AI Potential in Credit Industry
AI credit scoring is cheaper, faster and more accurate than traditional methods as it is automated, based on a larger pool of data and has rules that are more sophisticated and complex. Furthermore, it is not subject to human bias* as all analyses are carried out by a computer based on inputted data. As AI can interpret unstructured data (text, audio, image, video, location etc.), this increases and diversifies the variety of data that can be used to determine how credit-worthy someone is. But how is this achieved?
*Machine learning bias is a hot-topic issue in many industries. Machines assess reality and adjust their behaviors based on predictions from past experiences. In this respect, there is a thin line between “bias” and “intelligence”.
As previously explained, AI technology is programmed to uncover patterns. For example, profiles with the same traditional credit score plus a similar behavior in internet activity, social media or eCommerce transactions, could be clustered together. If a negative behavior pattern is recognized with their repayments, then this precise digital footprint and traditional credit score combination could be considered as a negative influence for future applications.
Whereas the traditional system would not be able to consider this risk factor as it only looks at the credit score. This is especially useful for people who don’t have much credit history, yet have a digital footprint. Their unstructured data could be correlated with patterns of positive repayment behaviors, meaning that their chances of receiving credit would be higher.
As AI technology is specialized in labelling data and finding patterns, anomalies are also easily detected. When it comes to the credit industry, anomalies mean fraudulent behavior. Furthermore, due to AI’s advanced technology, predictive analytics can be leveraged to prevent fraud from happening in the first place.
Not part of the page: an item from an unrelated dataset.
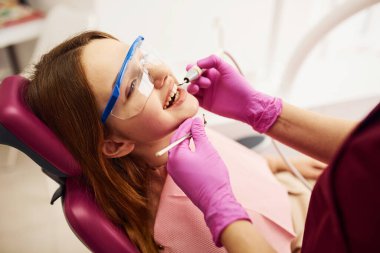 Koruyucu gözlüklü küçük kız klinikteki dişçiyi ziyaret ediyor. Stomatoloji kavramı.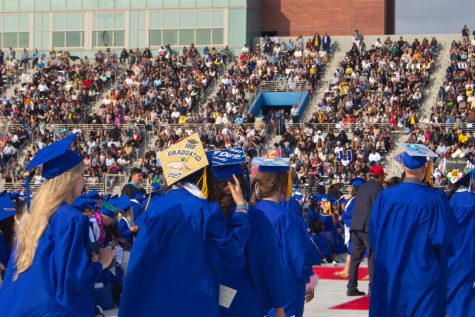 El Camino College graduating students donned in their traditional blue gowns and some with customized, decorated caps line up to receive their diploma as onlookers cheer in the stands during the 2023 commencement ceremony that took place June 9. Delfino Camacho | The Union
Such an abundance of data is created, meaning that AI technology is able to extract these insights. Whereas a human taskforce wouldn’t have the ‘processing power’, or time for such large analyses.
One worrying factor to consider is the exponential growth in cyber-attacks. It has been reported that hackers are also using AI algorithms in their cyber-crimes… This is where we come to a standpoint, fighting fire with fire. If more attention isn’t paid into cyber-security, then the credit industry’s sensitive info could be left vulnerable.
AI Startups in the Credit Industry
Upstart has a founding team of ex-Googlers. They leverage AI and Machine learning to obtain Credit scores based on additional variables. For students they base their analysis upon their future potential, instead of just their past. They consider factors such as education, employment and income when approving loans. You don’t need to have any credit history, however, a minimum wage of $12k and a low credit score of at least 620 is required. It could be argued that an analysis team could sift through this data, meaning the AI tech wouldn’t be needed. On the other hand, it is more time and cost efficient to automate the process, plus more accurate.
One startup aggressively using advanced machine learning to comb through vast sources of alternative data to predict an individual’s creditworthiness is Lenddo. Lenddo’s mission is to improve financial inclusion. They do this with LenddoScore, which is a patented scoring method which combines traditional underwriting with additional unstructured data. Lenddo claims that their system has allowed their partners to approve up to 50 percent more applications.
Lenddo does an analysis on a potential applicants’ digital footprint via their smartphone. They claim to have over 12,000 variables. Lenddo leverages big data via: social networks, browser histories, E-commerce transactions, geolocation data and other smartphone info. The AI algorithm crunches this data and churns out predictive features, producing a credit score as the final product.
Lenddo state that they do not share personal data with lenders. They only share the final result (credit score) of their analysis to protect individuals’ privacy. Furthermore, personal data is only taken with the users’ consent.